What the task asks:
Hunt through the entries for the word "Manual" and copy each line in which it appears.

*** Opening of Supplied data ***

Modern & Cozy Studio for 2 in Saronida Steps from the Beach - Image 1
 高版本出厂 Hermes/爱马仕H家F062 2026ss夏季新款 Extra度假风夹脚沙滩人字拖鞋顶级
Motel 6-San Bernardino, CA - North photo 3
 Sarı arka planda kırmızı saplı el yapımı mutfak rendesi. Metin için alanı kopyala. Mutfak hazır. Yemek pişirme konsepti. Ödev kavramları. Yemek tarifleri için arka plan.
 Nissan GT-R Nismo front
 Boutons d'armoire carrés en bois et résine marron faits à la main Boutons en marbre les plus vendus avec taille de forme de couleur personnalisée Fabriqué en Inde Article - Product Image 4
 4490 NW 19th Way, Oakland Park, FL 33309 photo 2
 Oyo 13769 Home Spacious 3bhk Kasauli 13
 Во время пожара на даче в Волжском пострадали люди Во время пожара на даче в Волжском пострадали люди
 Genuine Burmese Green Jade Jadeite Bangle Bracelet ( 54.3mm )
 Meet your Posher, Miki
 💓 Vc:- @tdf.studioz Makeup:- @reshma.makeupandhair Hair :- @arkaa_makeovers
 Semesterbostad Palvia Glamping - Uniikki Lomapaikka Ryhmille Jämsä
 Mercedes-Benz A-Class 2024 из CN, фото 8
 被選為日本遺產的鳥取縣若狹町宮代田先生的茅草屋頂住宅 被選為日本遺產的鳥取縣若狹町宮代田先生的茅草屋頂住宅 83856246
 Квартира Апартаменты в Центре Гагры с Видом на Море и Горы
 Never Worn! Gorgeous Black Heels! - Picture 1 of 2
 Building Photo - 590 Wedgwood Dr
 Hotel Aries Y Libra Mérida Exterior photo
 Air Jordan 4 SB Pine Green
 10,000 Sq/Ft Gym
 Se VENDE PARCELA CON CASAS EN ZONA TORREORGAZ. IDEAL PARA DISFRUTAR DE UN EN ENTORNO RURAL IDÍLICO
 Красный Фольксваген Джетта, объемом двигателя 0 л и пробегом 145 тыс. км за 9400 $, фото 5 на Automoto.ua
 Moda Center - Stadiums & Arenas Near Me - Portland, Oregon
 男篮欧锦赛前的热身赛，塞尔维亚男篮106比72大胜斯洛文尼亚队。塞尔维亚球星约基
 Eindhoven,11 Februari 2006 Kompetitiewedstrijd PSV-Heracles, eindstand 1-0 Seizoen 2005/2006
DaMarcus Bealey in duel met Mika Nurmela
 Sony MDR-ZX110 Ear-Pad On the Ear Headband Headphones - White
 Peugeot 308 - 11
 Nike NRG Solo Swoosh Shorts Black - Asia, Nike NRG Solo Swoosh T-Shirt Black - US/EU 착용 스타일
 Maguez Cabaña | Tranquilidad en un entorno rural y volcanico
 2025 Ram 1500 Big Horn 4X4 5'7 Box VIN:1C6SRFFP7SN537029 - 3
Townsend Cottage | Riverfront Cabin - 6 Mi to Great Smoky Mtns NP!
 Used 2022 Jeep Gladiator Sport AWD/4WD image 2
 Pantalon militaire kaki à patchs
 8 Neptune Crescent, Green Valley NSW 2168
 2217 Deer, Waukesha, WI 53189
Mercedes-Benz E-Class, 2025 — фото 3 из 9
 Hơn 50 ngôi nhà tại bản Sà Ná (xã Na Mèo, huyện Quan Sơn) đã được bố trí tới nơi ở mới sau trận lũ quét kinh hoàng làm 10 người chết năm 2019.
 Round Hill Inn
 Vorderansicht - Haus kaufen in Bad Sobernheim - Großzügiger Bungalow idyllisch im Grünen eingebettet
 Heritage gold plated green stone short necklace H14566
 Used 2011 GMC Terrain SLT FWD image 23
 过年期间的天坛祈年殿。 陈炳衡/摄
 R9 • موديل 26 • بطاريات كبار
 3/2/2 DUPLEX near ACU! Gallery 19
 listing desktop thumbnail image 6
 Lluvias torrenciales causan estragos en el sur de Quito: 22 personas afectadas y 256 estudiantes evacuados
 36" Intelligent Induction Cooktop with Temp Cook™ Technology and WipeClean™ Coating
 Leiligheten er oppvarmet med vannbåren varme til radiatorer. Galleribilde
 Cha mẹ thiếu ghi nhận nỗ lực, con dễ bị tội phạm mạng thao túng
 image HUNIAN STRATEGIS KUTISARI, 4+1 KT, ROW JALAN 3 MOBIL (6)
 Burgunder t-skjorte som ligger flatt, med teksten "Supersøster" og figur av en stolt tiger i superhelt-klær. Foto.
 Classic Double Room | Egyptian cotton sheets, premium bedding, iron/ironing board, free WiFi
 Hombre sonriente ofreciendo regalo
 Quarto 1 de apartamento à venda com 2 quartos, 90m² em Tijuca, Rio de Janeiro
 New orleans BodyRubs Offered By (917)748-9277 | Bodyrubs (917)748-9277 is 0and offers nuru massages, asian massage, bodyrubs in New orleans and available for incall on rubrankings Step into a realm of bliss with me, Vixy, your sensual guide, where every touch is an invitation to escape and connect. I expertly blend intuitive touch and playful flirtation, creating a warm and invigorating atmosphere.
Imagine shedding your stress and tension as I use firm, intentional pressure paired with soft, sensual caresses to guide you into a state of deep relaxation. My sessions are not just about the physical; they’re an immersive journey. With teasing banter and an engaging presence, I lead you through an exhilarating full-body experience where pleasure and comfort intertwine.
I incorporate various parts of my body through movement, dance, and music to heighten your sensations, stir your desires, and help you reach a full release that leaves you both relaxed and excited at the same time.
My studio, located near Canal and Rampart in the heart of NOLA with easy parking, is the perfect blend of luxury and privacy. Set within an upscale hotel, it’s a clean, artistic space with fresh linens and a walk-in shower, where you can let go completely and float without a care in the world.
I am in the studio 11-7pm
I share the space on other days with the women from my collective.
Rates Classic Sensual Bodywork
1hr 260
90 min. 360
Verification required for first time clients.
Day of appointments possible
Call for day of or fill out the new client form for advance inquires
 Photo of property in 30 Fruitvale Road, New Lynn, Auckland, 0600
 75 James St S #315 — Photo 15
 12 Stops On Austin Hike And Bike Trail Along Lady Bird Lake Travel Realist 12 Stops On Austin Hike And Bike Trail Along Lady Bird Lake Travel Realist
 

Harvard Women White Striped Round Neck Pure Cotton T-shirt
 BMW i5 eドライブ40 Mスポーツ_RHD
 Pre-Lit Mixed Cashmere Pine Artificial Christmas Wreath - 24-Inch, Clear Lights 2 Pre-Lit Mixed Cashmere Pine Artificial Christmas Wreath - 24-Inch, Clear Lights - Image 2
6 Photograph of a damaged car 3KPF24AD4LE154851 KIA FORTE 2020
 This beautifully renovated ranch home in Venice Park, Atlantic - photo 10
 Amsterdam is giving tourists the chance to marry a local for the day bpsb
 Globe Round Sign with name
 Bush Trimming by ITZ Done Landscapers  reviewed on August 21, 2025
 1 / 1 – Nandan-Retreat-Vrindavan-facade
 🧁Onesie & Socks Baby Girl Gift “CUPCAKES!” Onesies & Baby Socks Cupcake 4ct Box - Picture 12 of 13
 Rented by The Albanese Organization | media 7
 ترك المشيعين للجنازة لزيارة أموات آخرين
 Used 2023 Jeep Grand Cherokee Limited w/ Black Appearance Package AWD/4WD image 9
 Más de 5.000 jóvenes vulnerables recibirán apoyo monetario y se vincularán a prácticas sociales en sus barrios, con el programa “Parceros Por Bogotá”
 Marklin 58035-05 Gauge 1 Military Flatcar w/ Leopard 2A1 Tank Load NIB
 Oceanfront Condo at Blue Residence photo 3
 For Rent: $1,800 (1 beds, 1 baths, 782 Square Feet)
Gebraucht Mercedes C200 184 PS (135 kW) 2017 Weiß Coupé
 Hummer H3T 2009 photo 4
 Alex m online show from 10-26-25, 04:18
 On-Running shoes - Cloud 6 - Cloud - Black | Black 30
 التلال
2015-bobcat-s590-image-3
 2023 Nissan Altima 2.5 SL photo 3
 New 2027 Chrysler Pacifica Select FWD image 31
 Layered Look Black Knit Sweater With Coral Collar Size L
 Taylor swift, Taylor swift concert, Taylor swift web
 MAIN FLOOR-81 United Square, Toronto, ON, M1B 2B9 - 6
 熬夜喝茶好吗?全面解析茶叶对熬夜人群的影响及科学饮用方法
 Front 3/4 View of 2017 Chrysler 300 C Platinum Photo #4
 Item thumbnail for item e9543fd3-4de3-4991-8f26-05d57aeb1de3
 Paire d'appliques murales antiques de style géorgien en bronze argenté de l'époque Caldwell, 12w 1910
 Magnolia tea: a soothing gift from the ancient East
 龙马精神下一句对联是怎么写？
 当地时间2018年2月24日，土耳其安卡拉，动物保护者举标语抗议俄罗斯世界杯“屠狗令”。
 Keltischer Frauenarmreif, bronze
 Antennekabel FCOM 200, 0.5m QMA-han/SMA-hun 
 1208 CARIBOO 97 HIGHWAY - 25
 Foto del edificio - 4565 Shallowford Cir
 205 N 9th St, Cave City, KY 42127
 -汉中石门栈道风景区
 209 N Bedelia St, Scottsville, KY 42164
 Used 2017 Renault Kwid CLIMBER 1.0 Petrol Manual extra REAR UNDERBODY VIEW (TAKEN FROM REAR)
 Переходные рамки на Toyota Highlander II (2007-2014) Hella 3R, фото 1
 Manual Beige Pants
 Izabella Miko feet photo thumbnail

*** Close of Supplied data ***

Worked solution:
 Used 2017 Renault Kwid CLIMBER 1.0 Petrol Manual extra REAR UNDERBODY VIEW (TAKEN FROM REAR)
 Manual Beige Pants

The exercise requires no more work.